Collected data entries:
== == ==

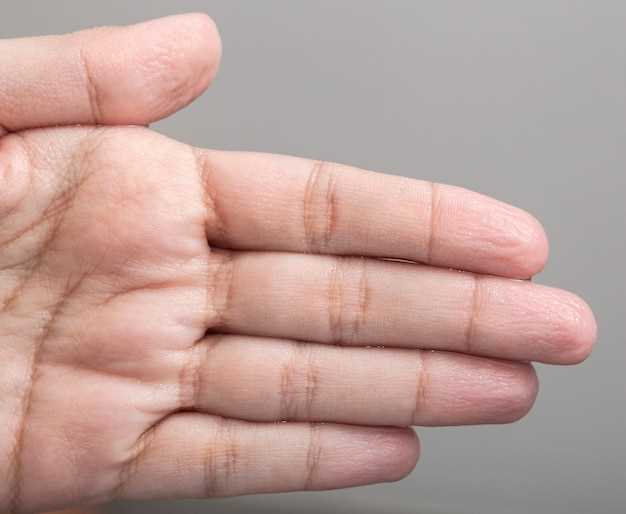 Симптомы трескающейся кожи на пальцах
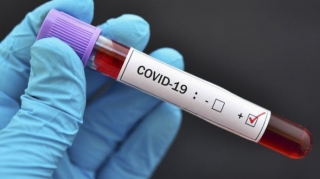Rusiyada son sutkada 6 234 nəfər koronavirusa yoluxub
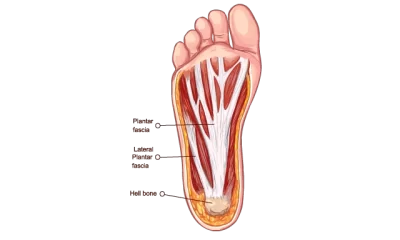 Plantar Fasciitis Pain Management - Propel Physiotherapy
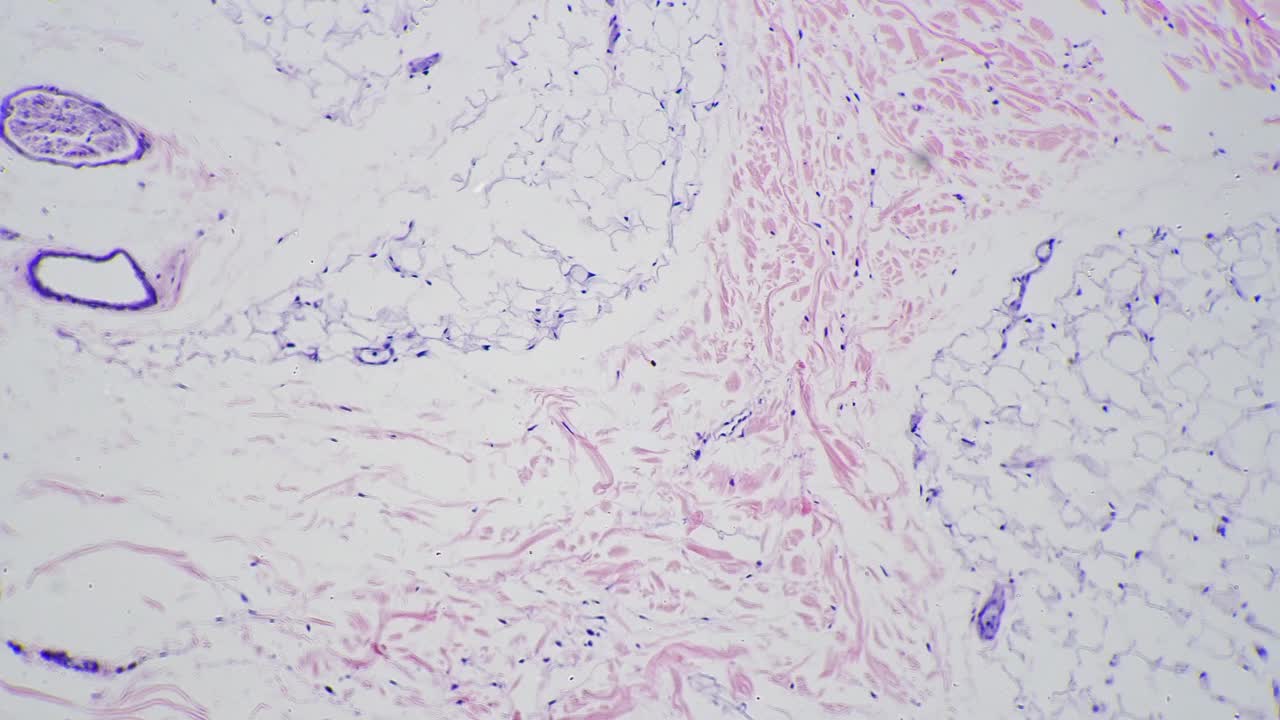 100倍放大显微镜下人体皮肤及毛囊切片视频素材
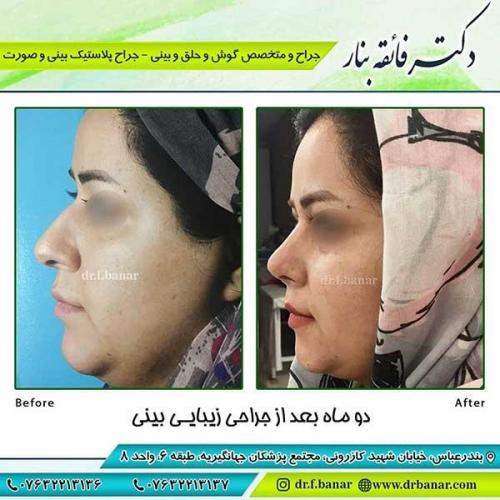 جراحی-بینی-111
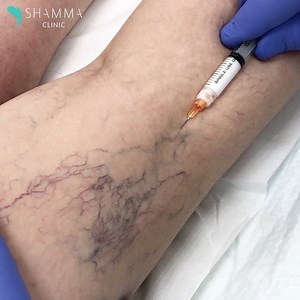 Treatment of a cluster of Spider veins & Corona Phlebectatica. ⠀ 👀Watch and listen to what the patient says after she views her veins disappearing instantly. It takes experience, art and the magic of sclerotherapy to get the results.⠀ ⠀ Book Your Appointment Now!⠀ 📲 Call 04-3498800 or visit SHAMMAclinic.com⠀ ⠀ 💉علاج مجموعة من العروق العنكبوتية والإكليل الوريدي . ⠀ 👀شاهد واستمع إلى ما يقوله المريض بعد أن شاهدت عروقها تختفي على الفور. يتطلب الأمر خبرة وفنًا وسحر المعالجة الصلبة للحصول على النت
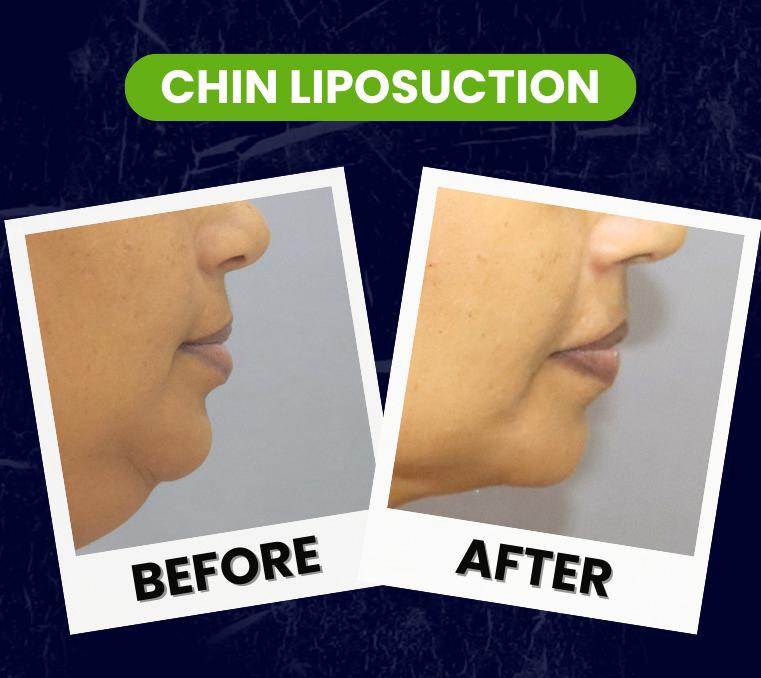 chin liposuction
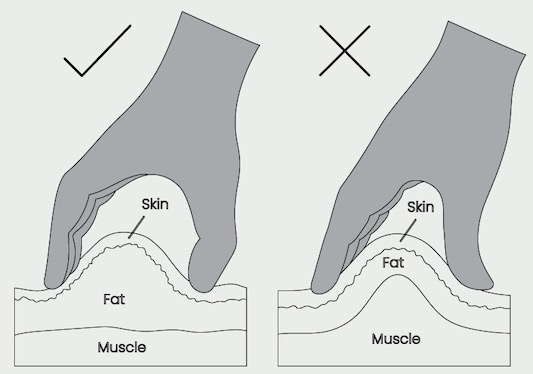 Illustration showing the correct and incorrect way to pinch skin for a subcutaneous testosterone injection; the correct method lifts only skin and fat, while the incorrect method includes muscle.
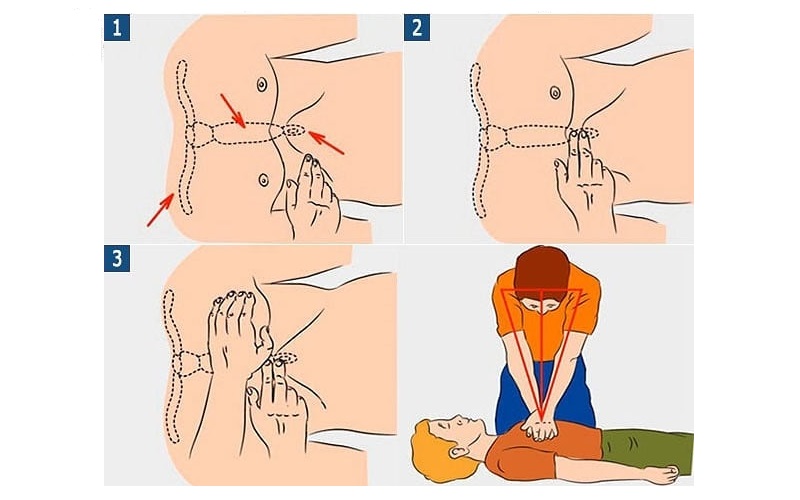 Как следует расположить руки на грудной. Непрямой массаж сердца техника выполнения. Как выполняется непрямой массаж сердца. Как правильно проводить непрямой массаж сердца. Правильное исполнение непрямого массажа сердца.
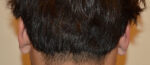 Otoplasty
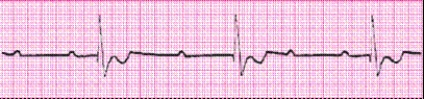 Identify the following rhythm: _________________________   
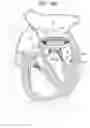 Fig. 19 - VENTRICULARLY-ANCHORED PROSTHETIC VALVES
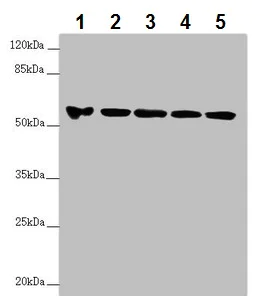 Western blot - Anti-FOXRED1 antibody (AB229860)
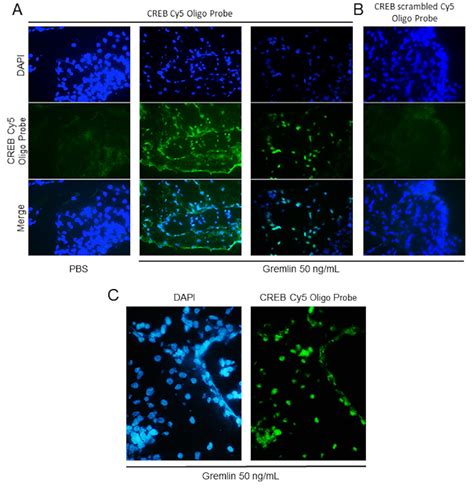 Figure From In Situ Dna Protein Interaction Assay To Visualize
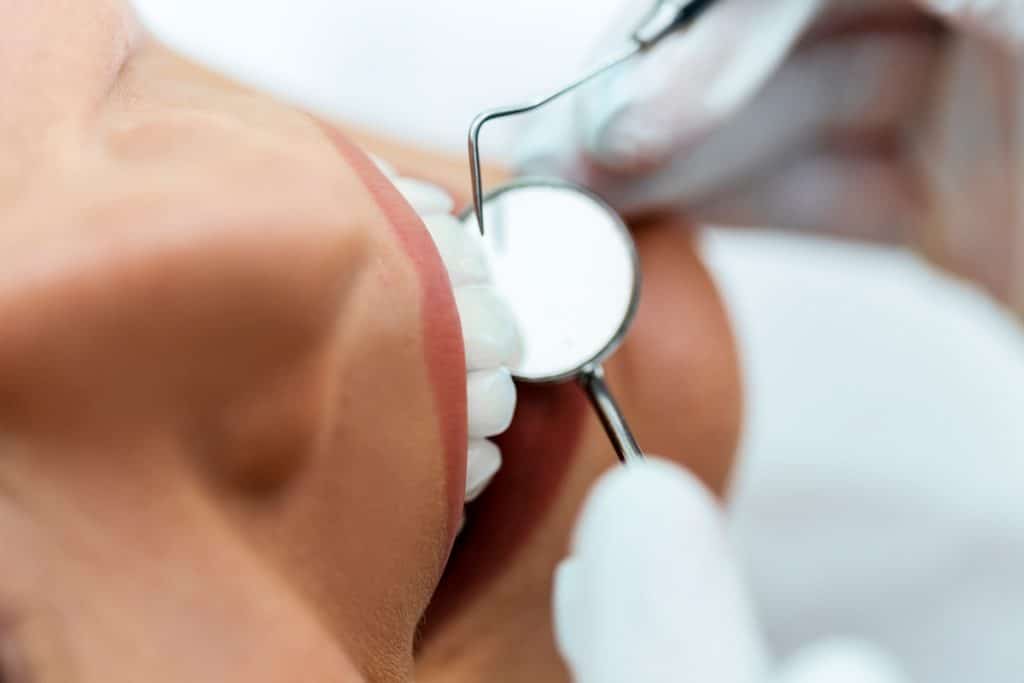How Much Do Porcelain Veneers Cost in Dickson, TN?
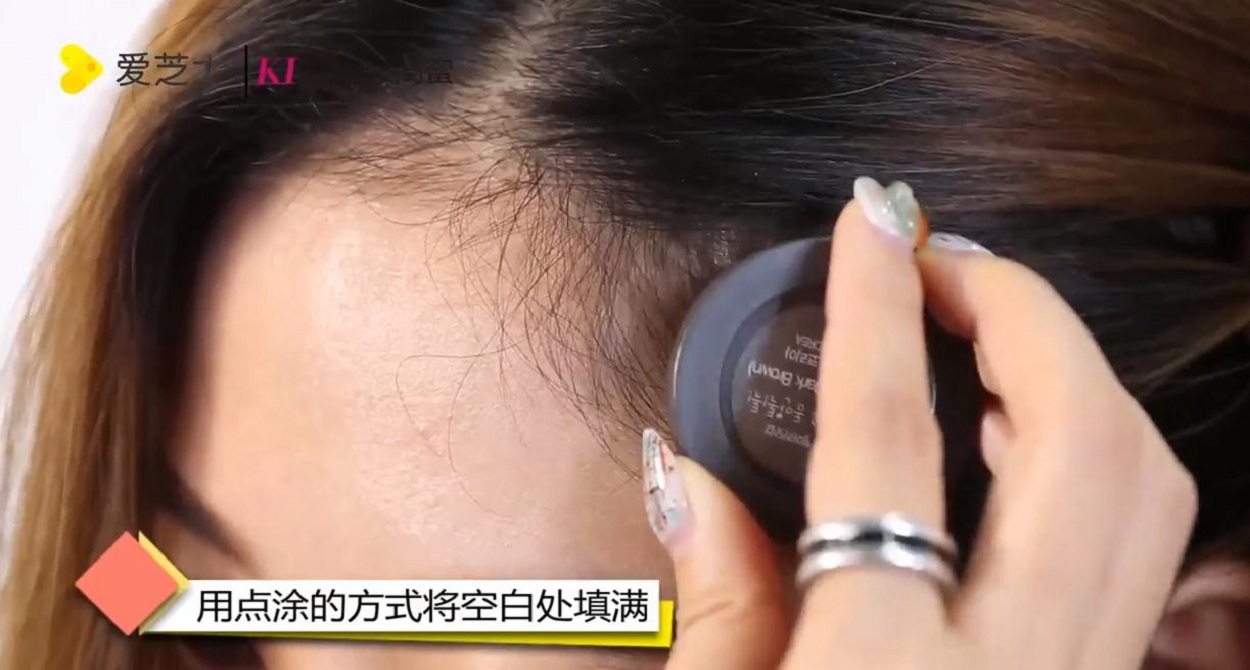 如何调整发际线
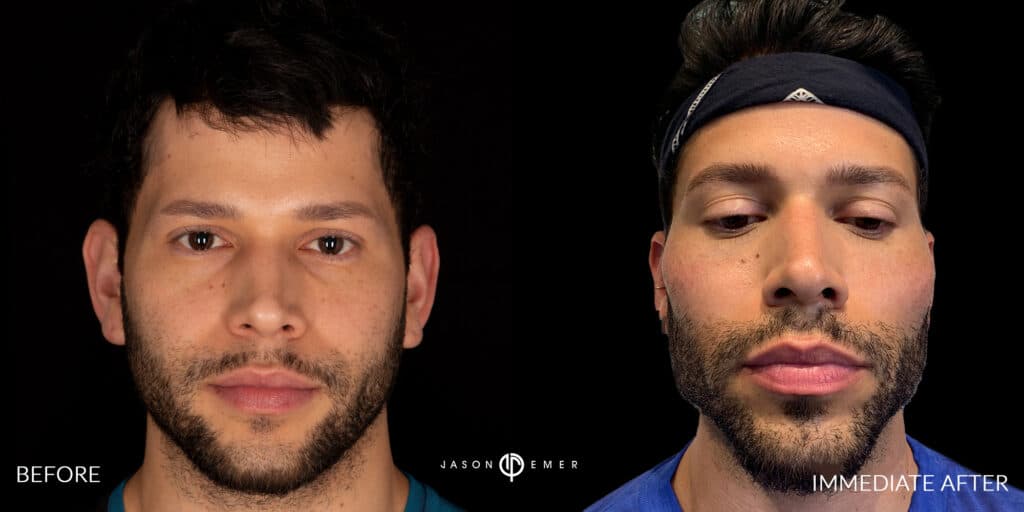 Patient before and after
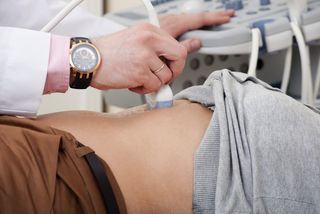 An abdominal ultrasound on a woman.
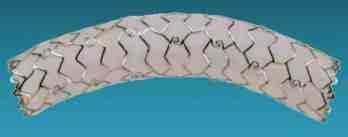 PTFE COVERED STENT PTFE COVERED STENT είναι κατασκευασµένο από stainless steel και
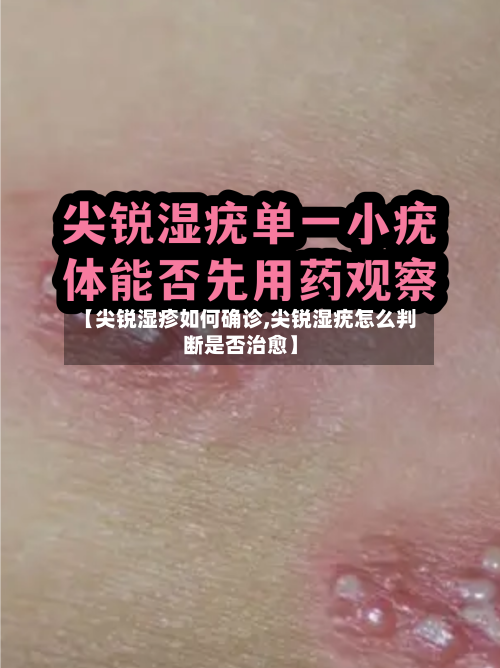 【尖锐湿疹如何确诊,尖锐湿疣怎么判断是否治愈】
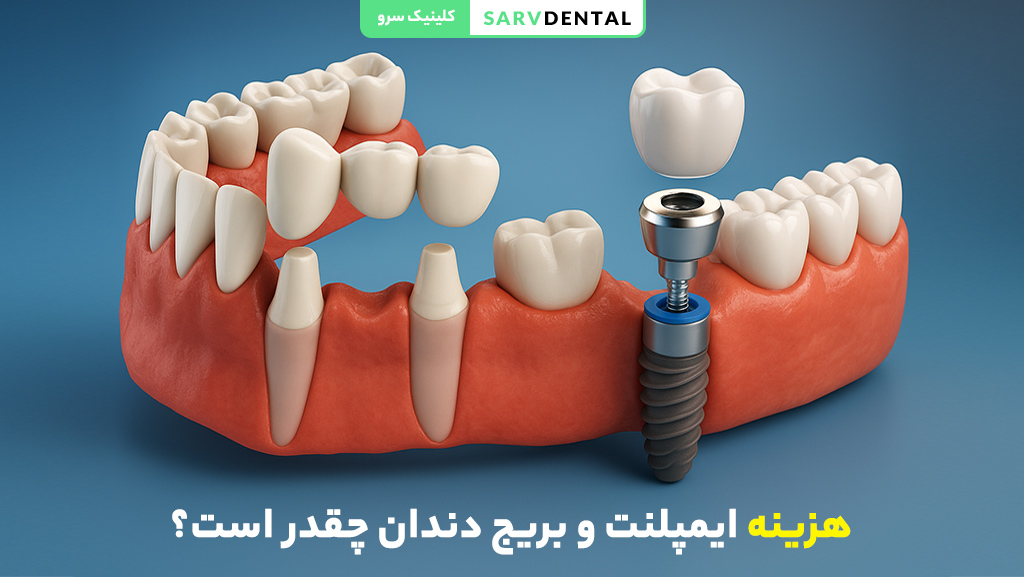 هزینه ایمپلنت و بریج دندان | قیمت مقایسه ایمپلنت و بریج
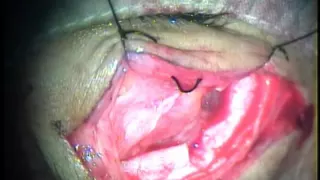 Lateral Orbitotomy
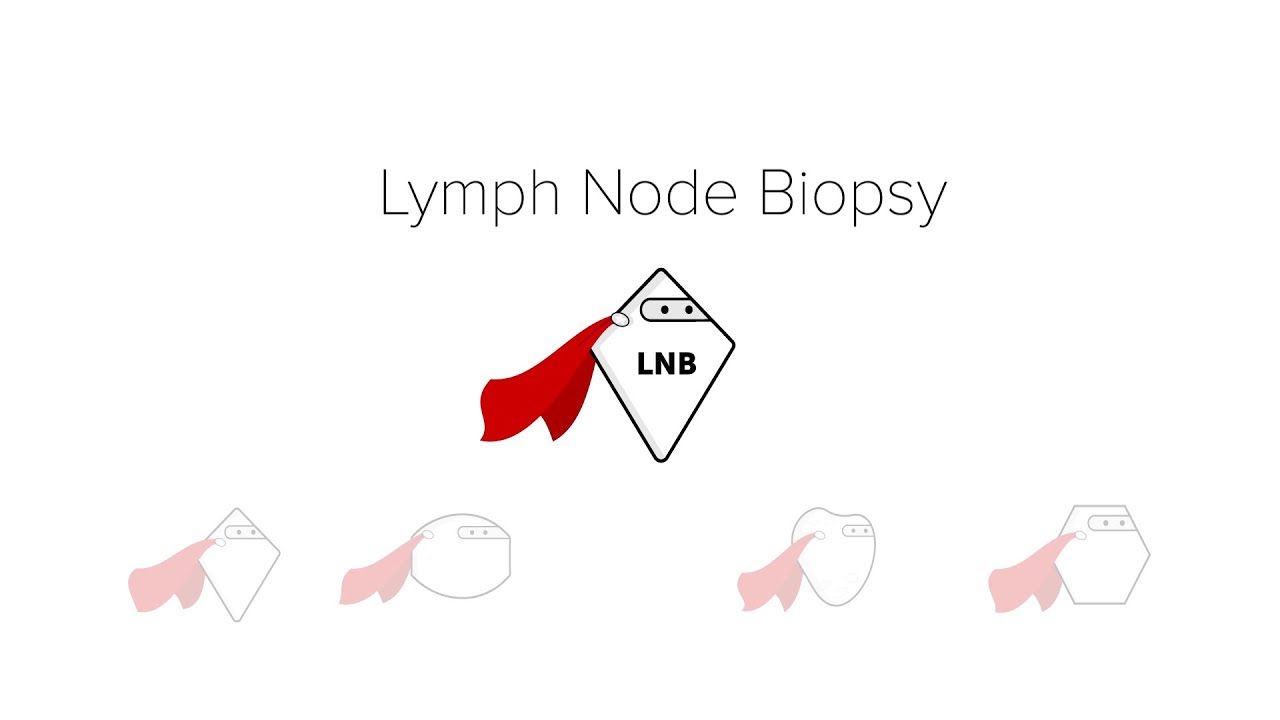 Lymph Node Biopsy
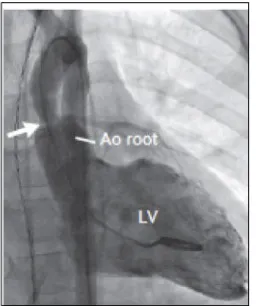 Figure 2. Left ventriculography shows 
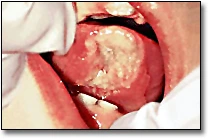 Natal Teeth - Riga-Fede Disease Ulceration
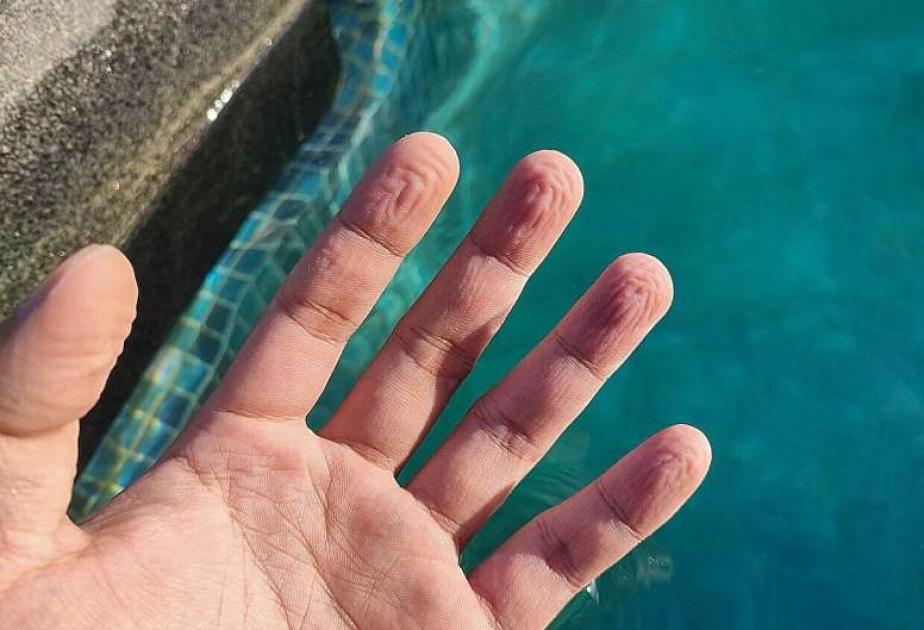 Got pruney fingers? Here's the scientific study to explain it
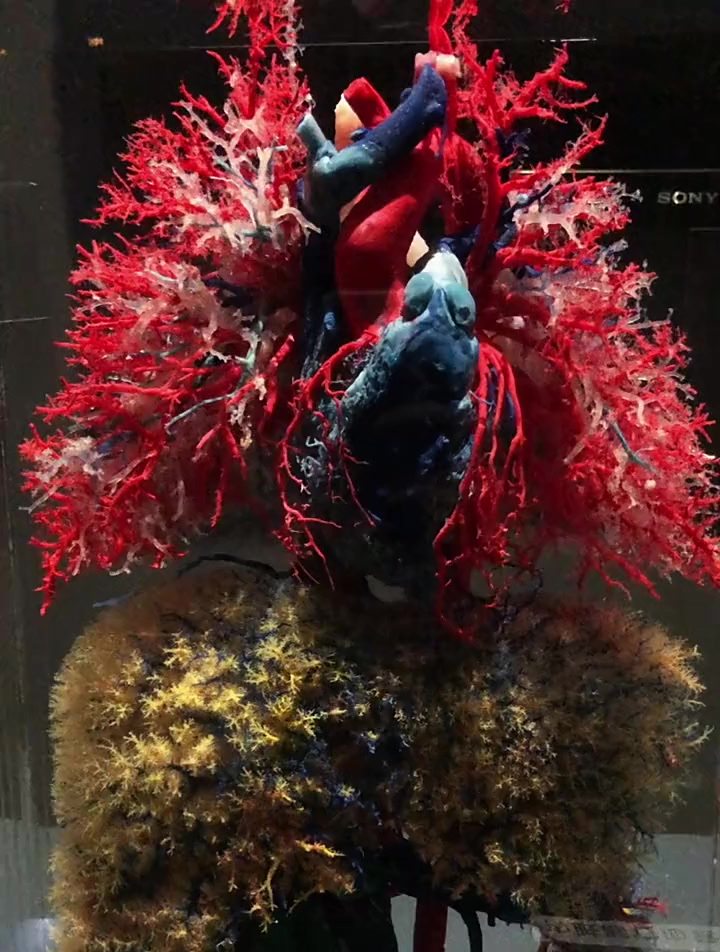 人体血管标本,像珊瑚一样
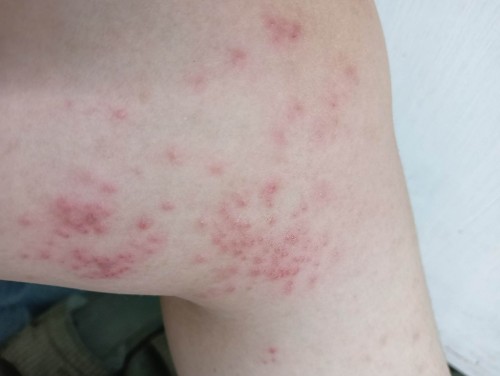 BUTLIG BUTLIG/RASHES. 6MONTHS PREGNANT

== == ==

Work instructions: Beginning with the first entry above, reproduce every line verbatim until the line with "جراحی-بینی-111", which is included too; omit pictures.

Finished task:
 Симптомы трескающейся кожи на пальцах
Rusiyada son sutkada 6 234 nəfər koronavirusa yoluxub
 Plantar Fasciitis Pain Management - Propel Physiotherapy
 100倍放大显微镜下人体皮肤及毛囊切片视频素材
 جراحی-بینی-111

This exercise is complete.